**Aim of the exercise**. Within the records that follow, restate exactly the lines from the line with "Glendale House |" down to the line with "VTech Toet Toet", including both. Omit the pictures.

**Records shown**.
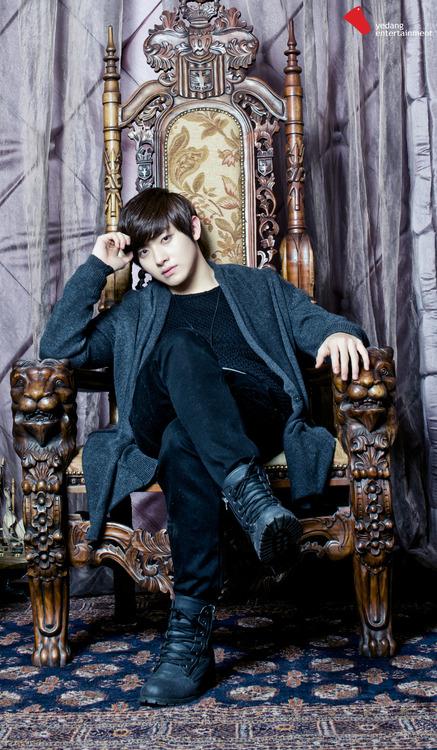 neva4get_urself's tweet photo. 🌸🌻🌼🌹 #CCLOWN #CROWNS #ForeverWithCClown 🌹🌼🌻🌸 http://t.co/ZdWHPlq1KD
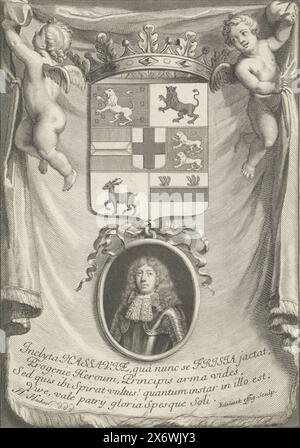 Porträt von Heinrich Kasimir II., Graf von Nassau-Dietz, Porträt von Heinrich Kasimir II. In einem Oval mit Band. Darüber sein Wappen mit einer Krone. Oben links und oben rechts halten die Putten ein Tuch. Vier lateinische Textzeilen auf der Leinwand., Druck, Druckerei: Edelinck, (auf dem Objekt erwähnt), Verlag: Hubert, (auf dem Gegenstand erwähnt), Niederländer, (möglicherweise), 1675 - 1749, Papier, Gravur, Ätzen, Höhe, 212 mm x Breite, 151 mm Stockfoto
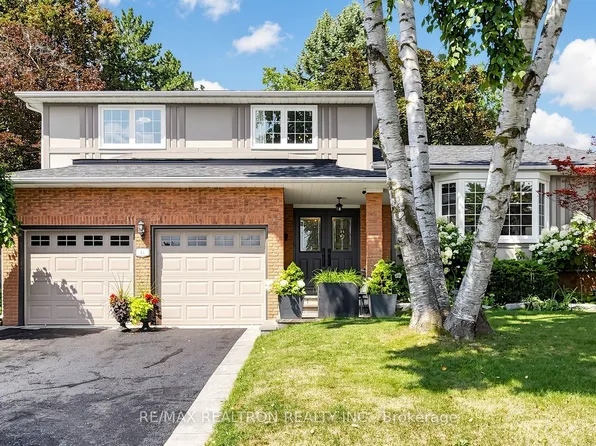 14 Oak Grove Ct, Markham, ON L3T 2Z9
==
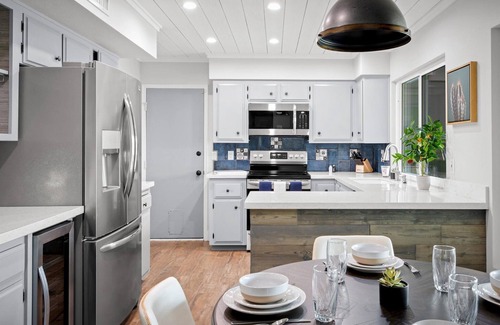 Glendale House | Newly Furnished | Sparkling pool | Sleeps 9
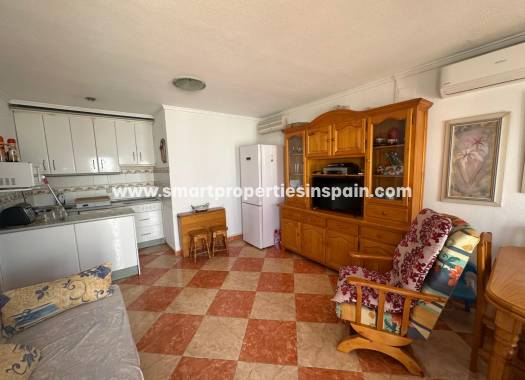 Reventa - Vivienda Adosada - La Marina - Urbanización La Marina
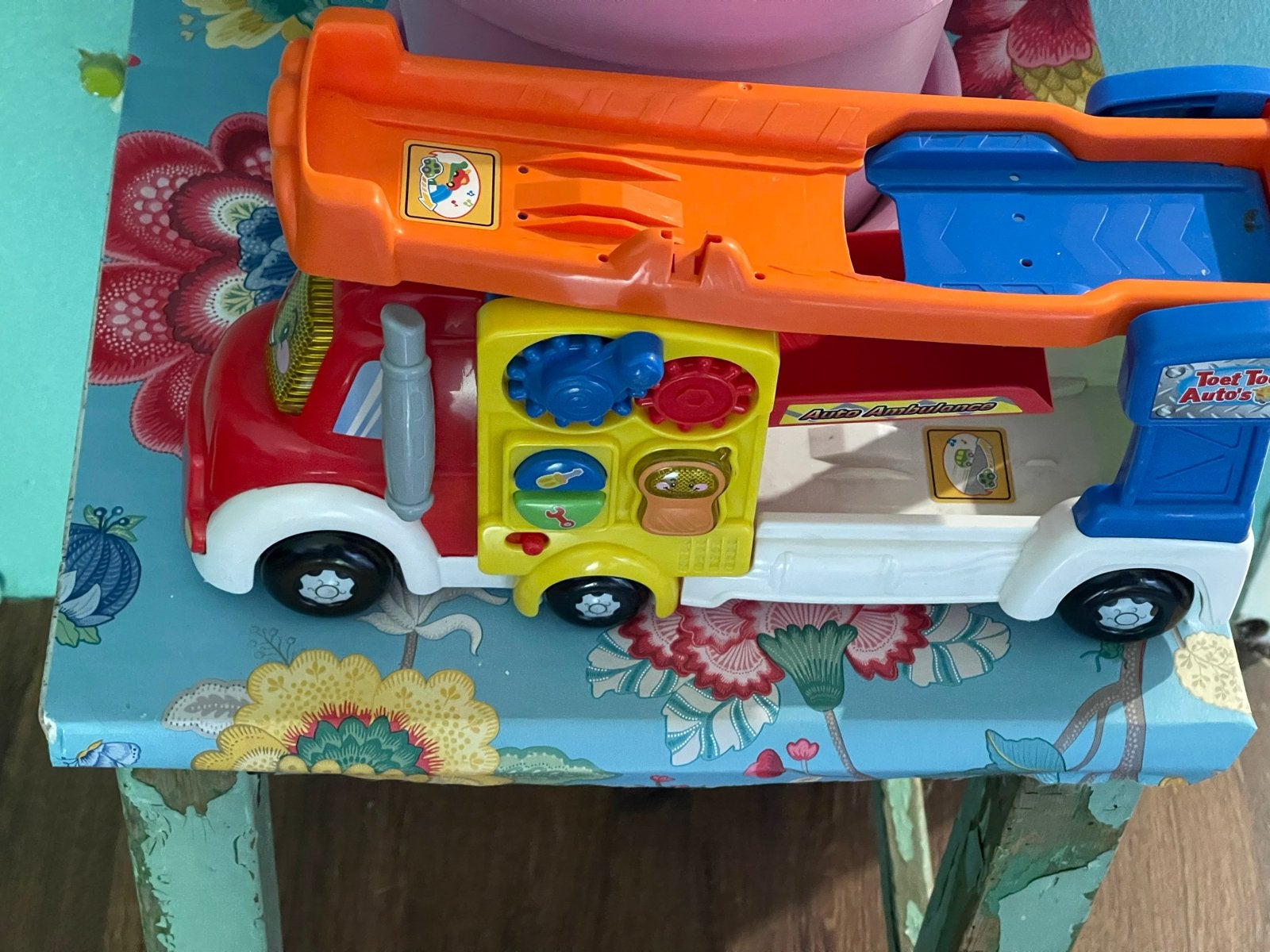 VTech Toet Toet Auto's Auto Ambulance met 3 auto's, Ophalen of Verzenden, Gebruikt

**Response to the exercise**.
 Glendale House | Newly Furnished | Sparkling pool | Sleeps 9
 Reventa - Vivienda Adosada - La Marina - Urbanización La Marina
 VTech Toet Toet Auto's Auto Ambulance met 3 auto's, Ophalen of Verzenden, Gebruikt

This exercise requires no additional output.